Transcribe each record exactly; skip any picture.

━━━━━━

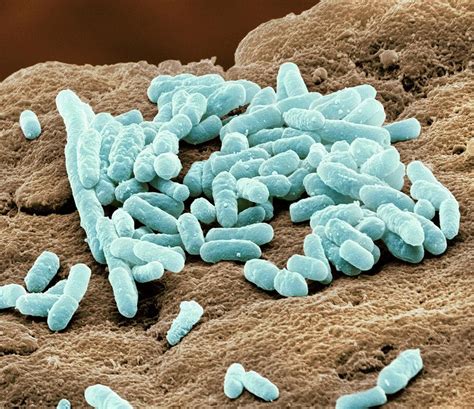 Lactobacillus Bacteria Photograph By Steve Gschmeissner Pixels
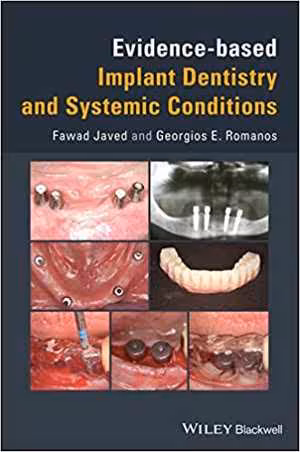 [PDF] دانلود کتاب Evidence-Based Implant Dentistry And Systemic Conditions, 2018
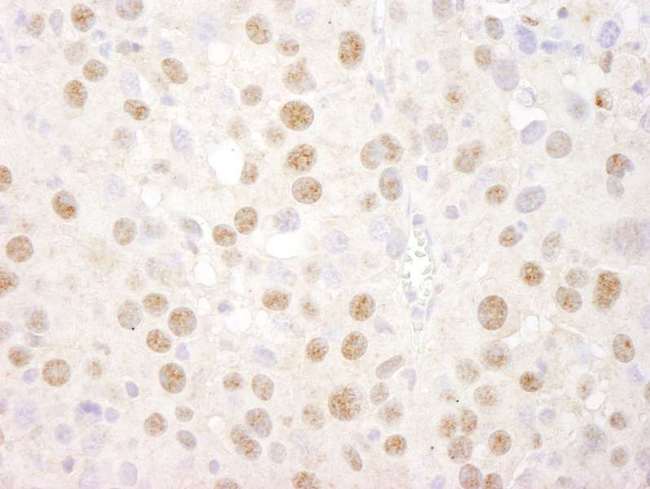 CREB1 / CREB Antibody - Detection of Mouse CREB by Immunohistochemistry. Sample: FFPE section of mouse renal cell carcinoma. Antibody: Affinity purified rabbit anti-CREB used at a dilution of 1:250.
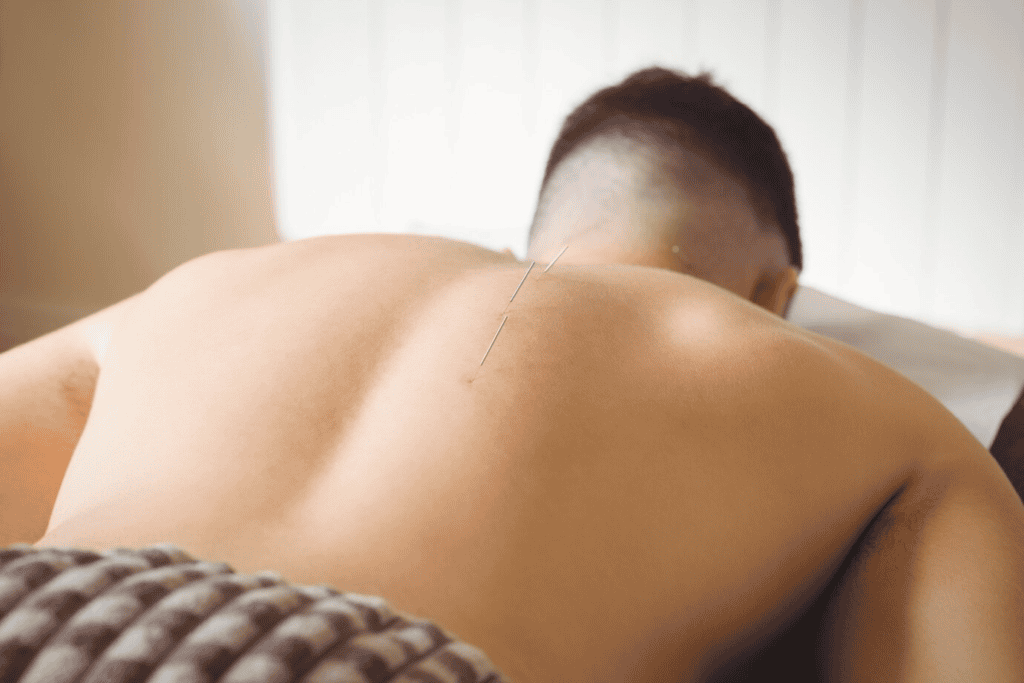 Acupuncture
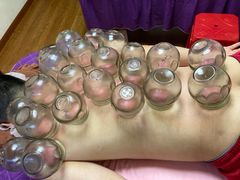 -沈师傅盲人按摩工作室(密三小区店)
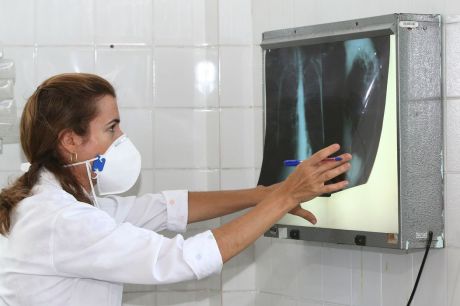 Brasil registra 78 mil novos casos de tuberculose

━━━━━━

**Response:**
 Lactobacillus Bacteria Photograph By Steve Gschmeissner Pixels
 [PDF] دانلود کتاب Evidence-Based Implant Dentistry And Systemic Conditions, 2018
 CREB1 / CREB Antibody - Detection of Mouse CREB by Immunohistochemistry. Sample: FFPE section of mouse renal cell carcinoma. Antibody: Affinity purified rabbit anti-CREB used at a dilution of 1:250.
 Acupuncture
 -沈师傅盲人按摩工作室(密三小区店)
 Brasil registra 78 mil novos casos de tuberculose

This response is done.